У генерала поблескивали хитрые глазки, румяные щеки выпирали над жирно лоснящимся крошечным носиком. «Экая симпатичная хрюшка», – подумал Павел. Не оставляя времени для перевода, Леш рассыпался в комплиментах, стал разглагольствовать о давней немецко-русской дружбе, начавшейся со времен Петра и Екатерины, о сотрудничестве в борьбе с английской плутократией.
Затем гостям показали классы и наглядные пособия. На полигоне позади парка провели учебный бой пехоты против танков. Внимание Павла привлекли одежда и обувь танкистов. Они были в черных куртках, свободных, сшитых по росту. Можно легко нырять в люк и выскакивать, ни за что не цепляясь. Высокие ботинки на трехслойной подошве не скользили по броне, нога хорошо держалась на педали сцепления, свободно сгибалась и чутко ощущала механизм управления.
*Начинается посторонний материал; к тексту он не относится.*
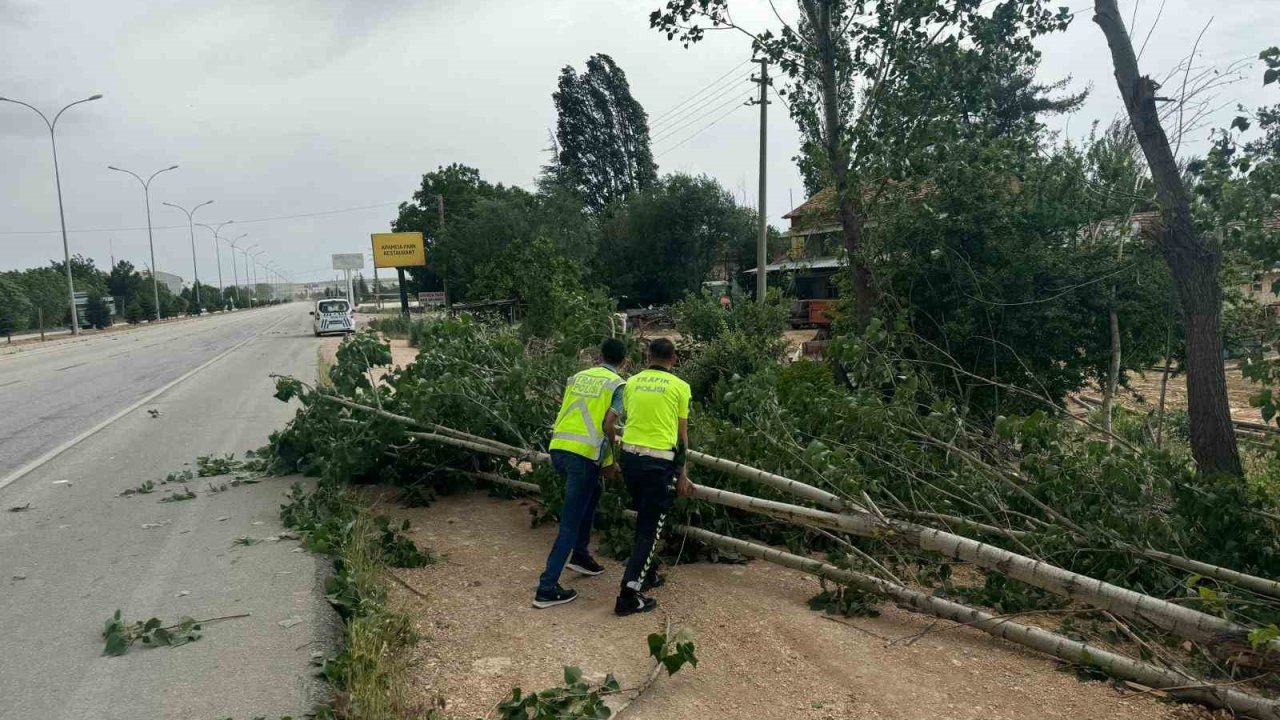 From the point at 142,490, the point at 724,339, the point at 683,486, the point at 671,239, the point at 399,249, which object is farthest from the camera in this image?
the point at 399,249

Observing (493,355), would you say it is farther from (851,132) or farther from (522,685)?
(851,132)

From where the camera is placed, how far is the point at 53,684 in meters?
4.01

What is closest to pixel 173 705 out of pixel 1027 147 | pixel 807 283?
pixel 1027 147

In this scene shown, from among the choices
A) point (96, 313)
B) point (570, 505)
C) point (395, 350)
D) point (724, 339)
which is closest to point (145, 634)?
point (570, 505)

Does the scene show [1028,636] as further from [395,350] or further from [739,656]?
[395,350]

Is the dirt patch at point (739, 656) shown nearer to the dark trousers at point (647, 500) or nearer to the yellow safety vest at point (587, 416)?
the dark trousers at point (647, 500)

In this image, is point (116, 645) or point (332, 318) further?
point (332, 318)

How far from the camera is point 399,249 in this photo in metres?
45.7

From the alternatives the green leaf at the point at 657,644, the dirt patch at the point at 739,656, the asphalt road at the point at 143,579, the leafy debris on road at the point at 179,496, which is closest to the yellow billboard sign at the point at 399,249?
the asphalt road at the point at 143,579

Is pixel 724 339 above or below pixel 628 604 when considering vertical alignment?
above

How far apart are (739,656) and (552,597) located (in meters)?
1.27

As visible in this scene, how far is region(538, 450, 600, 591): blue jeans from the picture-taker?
505 cm

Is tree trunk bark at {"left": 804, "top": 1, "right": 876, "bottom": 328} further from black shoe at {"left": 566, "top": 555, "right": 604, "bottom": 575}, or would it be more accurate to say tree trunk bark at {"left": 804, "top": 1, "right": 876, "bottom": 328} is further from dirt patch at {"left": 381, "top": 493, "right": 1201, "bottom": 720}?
black shoe at {"left": 566, "top": 555, "right": 604, "bottom": 575}

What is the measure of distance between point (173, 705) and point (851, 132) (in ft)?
28.9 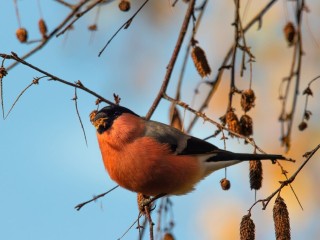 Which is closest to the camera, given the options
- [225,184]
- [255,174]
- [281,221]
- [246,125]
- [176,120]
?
[281,221]

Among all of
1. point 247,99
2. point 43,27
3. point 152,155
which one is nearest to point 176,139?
point 152,155

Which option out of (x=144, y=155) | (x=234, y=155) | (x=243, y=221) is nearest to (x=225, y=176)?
(x=234, y=155)

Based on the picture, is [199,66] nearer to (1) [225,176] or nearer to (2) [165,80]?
(2) [165,80]

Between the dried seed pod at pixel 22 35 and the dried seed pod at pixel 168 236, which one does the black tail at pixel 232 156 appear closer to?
the dried seed pod at pixel 168 236

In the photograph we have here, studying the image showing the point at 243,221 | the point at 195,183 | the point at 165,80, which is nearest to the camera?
the point at 243,221

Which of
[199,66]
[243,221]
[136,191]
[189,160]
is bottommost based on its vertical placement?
[243,221]

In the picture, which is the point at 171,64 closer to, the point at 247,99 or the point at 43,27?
the point at 247,99

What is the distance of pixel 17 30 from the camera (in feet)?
12.0

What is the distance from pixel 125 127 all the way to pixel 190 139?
0.34m

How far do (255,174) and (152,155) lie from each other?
0.56 metres

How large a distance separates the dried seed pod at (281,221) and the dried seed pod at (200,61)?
1046 mm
Учебный бой не рассчитывался на слабонервных. Метрах в пятистах от танков выстраивалось отделение фенрихов в полной солдатской выкладке – с ранцами, шинельными скатками, оружием, гранатами, шанцевым инструментом. По сигналу ракеты танкисты заводили моторы и устремлялись на пехоту. За то время, пока танк преодолеет полукилометровое расстояние, фенрихи должны вырыть окопчики, пропустить над головой танки и бросить гранаты в моторное отделение. Того, кто оказывался менее проворным, танк мог покалечить.
Вечером генерал Леш в честь «русских друзей» устроил ужин. Он проходил в небольшом помещении столовой. Рядом с германским знаменем висел советский флаг. Павел пил терпкий рейнвейн, ел отварные мозги с клецками, пахучий аллагаусский сыр и сушеные ржаные хлебцы – пумперникель, совсем не подозревая, что через несколько лет эта столовая станет известной всему миру, здесь будет подписан Акт о капитуляции фашистской Германии и поставлен конец самой кровавой войне из всех, какие знала история. Неподалеку от него сидел тот же молчаливый Маркус Хохмайстер с холодным лицом и короткой стрижкой, открывавшей крепкий плоский затылок.